La gran bandera albirroja de la mejor barra del mundo, poco a poco se fue deshilachando en medio de la segunda ola y enfrentamiento político. Hoy somos un archipiélago de tribus y clanes más alejado que nunca del proyecto de nación que pensaron Rodríguez Mendoza, Luna Pizarro y Sánchez Carrión. Hoy se habla con desvergüenza de las boludeces de la democracia, de expulsar a criollos, o se invoca a Santiago mataindios; y se afilan cuchillos y dientes para venganzas históricas. Como si, alegremente, se quisiera volver a Chuschi.

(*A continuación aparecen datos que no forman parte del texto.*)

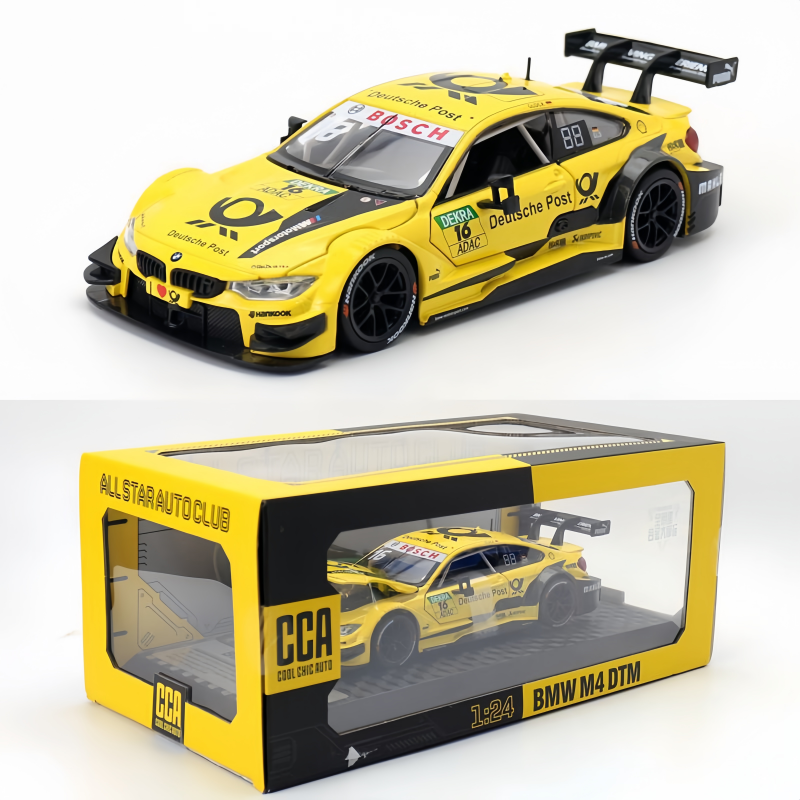 1:24 BMW M4 G82 Red Bull Drift | Premium Alloy Die-cast Model | KAIKAMFUNG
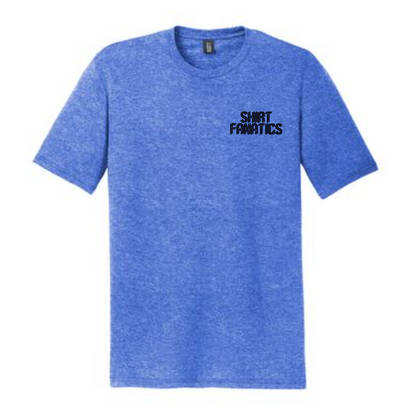 District Triblend Tee- Embroidered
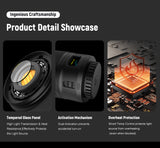 LUXCEO L60W professional 60W LED light background light 2500K - 6500K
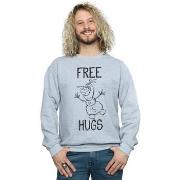 Sweat-shirt Disney Frozen Free Hugs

Una pena que todo esto suceda cuando el gobierno del maestro rural, que ha despertado tantas expectativas entre los pobres del Perú; no ha mostrado en estos dos meses cómo se plasma en la práctica esa promesa de que cambiarán las cosas, como predicó durante la campaña. Y que sus principales dirigentes, que se reclaman seguidores de Arguedas, no consideren su última invocación en carta que dejó al Rector de su Universidad; “Un pueblo no es mortal y el Perú es un cuerpo cargado de poderosa savia ardiente de vida, impaciente por realizarse; la Universidad debe orientarla con lucidez, “sin rabia», como habría dicho Inkari, y los estudiantes no están atacados de rabia, sino de generosidad impaciente. Y los maestros verdaderos obran con generosidad sabia y paciente. ¡La rabia no!” 

Y me sigo preguntando ¿por qué el encono y el enfrentamiento político (también racial y clasista); por qué la rabia persiste en medio de la gran tragedia de nuestros doscientos mil muertos? ¿Por qué esas muertes no nos conmueven – o a políticos y periodistas – para mandarnos callar o bajar el volumen de descontentos, reclamos, iras y enojos?

Pero, volviendo al tema de las compensaciones a los deudos de los fallecidos, probablemente a estas alturas sea imposible plantearlo por irrealizable, dado que el Fondo de Contingencia se usó en bonos a las familias y avales para la reactivación de las empresas; y, tomando en cuenta que las recomendaciones de la Comisión de la Verdad en cuanto a las compensaciones para los deudos de las víctimas del conflicto armado interno, se cumplieron tarde, mal y nunca. Habría que pensar más en generar un movimiento de solidaridad y afecto que acompañe a los deudos de la pandemia, en gestos, ritos y ceremonias; que nos permita a los peruanos volver a creer que es posible la vida en sociedad, que vale la pena seguir apostando por el Perú.

Ciertamente, hay carencia de un liderazgo o liderazgos sociales, pues no bastaría la acción estatal para generar, esa pausa, esa calma, ese silencio; esos gestos y actos de solidaridad con los deudos de tantísimos muertos, tan urgentes y necesarios para empezar el camino de retorno; para detener nuestra caída.


(1) Debo saludar el coraje y lucidez de Juan Acevedo que, en sus recientes viñetas publicadas en La Corriente Nº 10, se para firme contra las ráfagas de histeria que generaron algunos políticos y alimentó la prensa a propósito de la muerte del jefe de los asesinos senderistas. No soy azteca para comerme el cuerpo de mi enemigo, ni talibán, fanático de la Sharia; pero tampoco lo soy del Deuteronomio, que proclama castigos hasta los bisnietos y tataranietos del inicuo.